Jean-Philippe Rameau, Les Fêtes d’Hébé © photographie Le Curieux des arts Gilles Kraemer, Opéra-Comique, décembre 2024.
Pourquoi cette représentation à l’Opéra-Comique ? La révélation d’Atys de Lully, ici même, en est l’une des raisons, cette soirée mythique du 16 janvier 1987 qu’Hugues R. Gall nous remettait si brillamment en mémoire lors de l’installation de son confrère William Christie à l’Académie des beaux-arts le 27 janvier 2010. La renaissance triomphale d’Atys, dans l’acoustique si parfaite de ce lieu, par le miracle et la volonté de William Christie, un moment intense que les moins de 57 ans ne pourront comprendre. Il est des instants magiques où "il fallait y être". Pourquoi ces Fêtes ici ? Le souhait de William Christie de rediriger ce sommet du répertoire baroque français, en s’adjoignant la complicité de Robert Carsen, leur 3ème collaboration à l’Opéra-Comique. Dans ce lieu l’accueillant pour sa 13ème production qu’il dirige à la tête de son ensemble Les Arts Florissants, sa 11ème collaboration avec Carsen en trente années. Pour fêter ses 80 ans dont l’anniversaire coïncide avec la 4ème représentation du 19 décembre. Seul l’Opéra-Comique pouvait être lieu de cette nouvelle rencontre. Happy birthday, dear Bill !
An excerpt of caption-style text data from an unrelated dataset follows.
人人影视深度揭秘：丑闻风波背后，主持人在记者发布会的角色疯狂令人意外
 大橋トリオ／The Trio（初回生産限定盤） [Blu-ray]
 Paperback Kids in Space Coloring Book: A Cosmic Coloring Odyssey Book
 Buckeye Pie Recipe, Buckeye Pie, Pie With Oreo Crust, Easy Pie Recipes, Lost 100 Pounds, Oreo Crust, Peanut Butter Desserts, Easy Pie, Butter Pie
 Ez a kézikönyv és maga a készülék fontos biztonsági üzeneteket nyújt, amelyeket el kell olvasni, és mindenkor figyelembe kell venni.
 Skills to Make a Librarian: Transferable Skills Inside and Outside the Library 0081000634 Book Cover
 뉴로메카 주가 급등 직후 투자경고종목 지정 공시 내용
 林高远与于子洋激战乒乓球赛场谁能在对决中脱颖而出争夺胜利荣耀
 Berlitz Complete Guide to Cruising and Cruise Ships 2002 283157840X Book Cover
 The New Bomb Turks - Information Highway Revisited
Bienvenue au Palais de Jupiter, dans la salle des fêtes du palais de l’Élysée, à la verrière non encore "burenisée". La demeure des dieux olympiens, amateurs de l’ambroisie servie par Hébé/Emmanuelle de Negri. Un peu maladroite la fille de Zeus - Emmanuel Macron et d’Héra - Brigitte Macron, toute en blanc - les costumes de Gideon Davey sont parfaits - -, renversant quelques gouttes du nectar divin sur sa mère. Les colères fulminantes de Zeus / Jupiter et nom du PC situé sous l’Élysée – pour ceux qui n’ont pas saisi l’allusion -, sont dignes des écrits d'Hésiode. Renvoi immédiat de sa fille. Le dieu de la raillerie, Momus/Marc Mauillon, voix caressante et enjôleuse, ne peut que l’inciter à un séjour plus agréable en rejoignant les mortels. Interprétant Mercure amoureux d’Eglé dans la troisième entrée, biker - disc-jockey irrésistible, ce ténor s’y imposera dès son arrivée à moto, sa voix virile et sa forte présence scénique, succombant d’un coup de foudre à la seule vue de la nymphe, culminant dans Chaque instant il m’enflamme / D’une nouvelle ardeur. "Vous avez compris, c’est du sérieux"…
Autant s’amuser chez les Thessaliens et après quelques selfies avec l'Amour toute vêtue de rouge d’Ana Vieira Leite, caricature de l’influenceuse, très affirmée, certaine d’elle, enfourcher un vélo, à défaut de se laisser porter par Zéphire. Zéro dépense carbone pour rejoindre les bords de la Seine, ce fleuve dont l’on a cessé de parler ce printemps et cet été, en s‘y mettant en scène devant les caméras, jusqu’à proclamer offrir son maillot de bain à un musée helvétique !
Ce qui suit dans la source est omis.